Natural Capitalism Without Venture Capital
Business Opportunities Weblog found this article from the Seattle Post-Intelligencer on the fact that few companies actually receive their funding from venture capitalists:
"If self-funding by entrepreneurs and informal investments dried up, entrepreneurship would wither and die," the authors wrote.
This data supports the model of the Natural Enterprise developed by Dave Pollard, one that I have used and counselled its use for some start-ups. Dave advocates organic financing:
- Where the traditional business develops its product, mass produces it, and then advertises to create demand for the product, Natural Enterprises start by identifying unmet customer needs, developing customized solutions, then delivering to the pre-qualified customers, and marketing virally.
- Where the traditional business has a hierarchical organization structure and common shares, with control of the business often wielded by corporations or people other than those who run it, Natural Enterprises are flat and unincorporated, controlled equally by their members.
Is this the real form of capitalism, especially for Internet-based and small businesses?
New Role for Instructional Designers?
Elliott Masie in his latest Trends newsletter asks this question:
My experiences in instructional design over the past ten years is that it hasn’t changed too much. In the military I learned how to apply the systems approach to training as well as how to create computer-based training, instructor-led training, etc. My conversations with e-learning companies, instructional designers and academics shows that instructional design is still wedded to the course as the basic unit of instruction (I use instruction instead of learning because the former is usually the focus). I believe that there is still a huge gap that instructional design could fill, given the right tools and perspective.
Let me start by saying that my most memorable projects in the learning field have been those that created non-instructional solutions, specifically performance support. These have included online job aids and just-in-time tools to do some specific task. The tools are not that fancy but the analysis required to find the right tool for the context can be quite time-consuming. The cost savings are usually evident and rather significant.

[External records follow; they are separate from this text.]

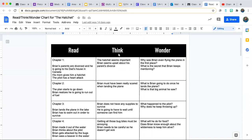There are three parts you have to fill out for each chapter: the Read, the Think, and the Wonder. The Read part just means what did you read in the chapter — what happened. So in chapter one, we read that Brian's parents are divorced and he is going to his dad's house in Canada, his mom gives him a hatchet, and the pilot has a heart attack. You're giving a quick summary. It does not have to be complete sentences — it can be quick phrases.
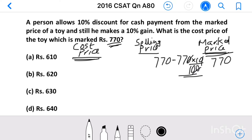Then selling price equals marked price minus discount. We get the selling price: 770 minus 77, which is equal to 693.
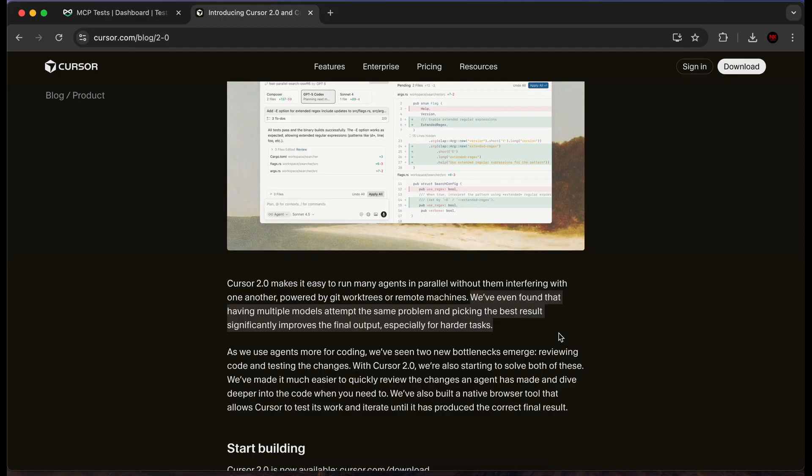That's pretty much it for this video. We built a full stack app with Cursor 2.0's new features — we learned about native browser, parallel agents, all that good stuff. We even tested our application with TestBright, which runs thorough tests going into every individual aspect of the front end. TestBright's MCP and Cursor work seamlessly together. If you guys want to check it out, I'll leave the link in the description. Peace.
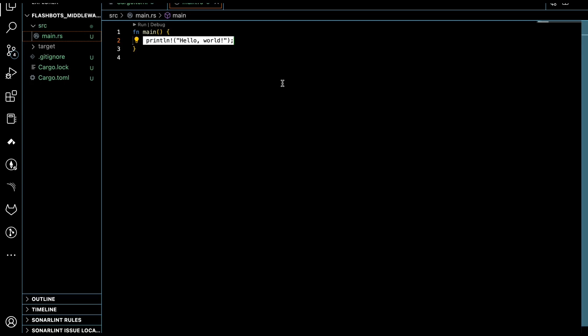In order to use Flashbots in Rust, there is a dependency — a crate called ethers-flashbots. We need to update our Cargo.toml. We also want to use Tokio for handling async functionality as a service, and we need to add crates for serialization and deserialization as well.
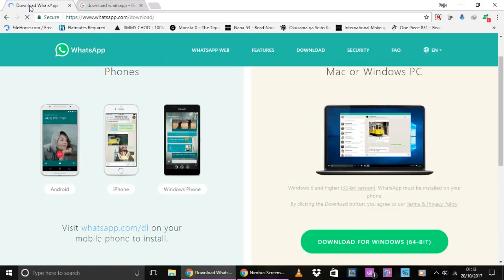I'm going to put this in the description box below so that you can go directly to this site.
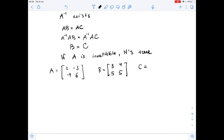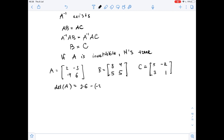And let C equal the matrix [5, -2; 3, 1]. As you can see, the determinant of matrix A is zero, so matrix A is not invertible. The determinant of A equals 2 times 6 minus negative 3 times negative 4, which is 12 minus 12, equaling zero. So A is not invertible.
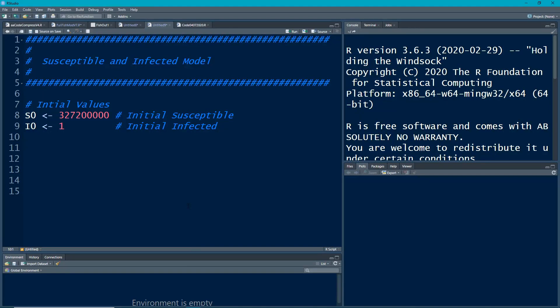Welcome to the R video tutorial on the susceptible infected model. This is a simple two category or two compartmental model and we're going to learn how to model it really quick. This will be a series of these. We're going to start each model on their own video so it'll be nice and easy.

However, you will be hard-pressed to find a program that focuses on ‘how-to’ develop performance support solutions, because developing courses is so much easier. Don Clark has a good graphic on Performance, Learning, Leadership & Knowledge. This is a good place to start to look at the non-instructional side of performance design. My own experience shows that non-instructional interventions (EPSS, KM, CoP) are very intensive at the front end (analysis) but require fewer resources in the middle (design).
In traditional instructional design you may spend up to 20% of your project costs on analysis, but for performance support this amount could go up to 80%. Once the solution is clearly specified, it doesn’t require a factory floor of instructional designers and can be developed by a small team of programmers, graphic artists, etc.
The next role for instructional design should be to get out of the course in a box metaphor. The web as a medium is better suited for non-linear, non-instructional learning programs than for ADDIE-developed courses. Just as the printed book changed academia, so too the web is changing training and education. Get used to it.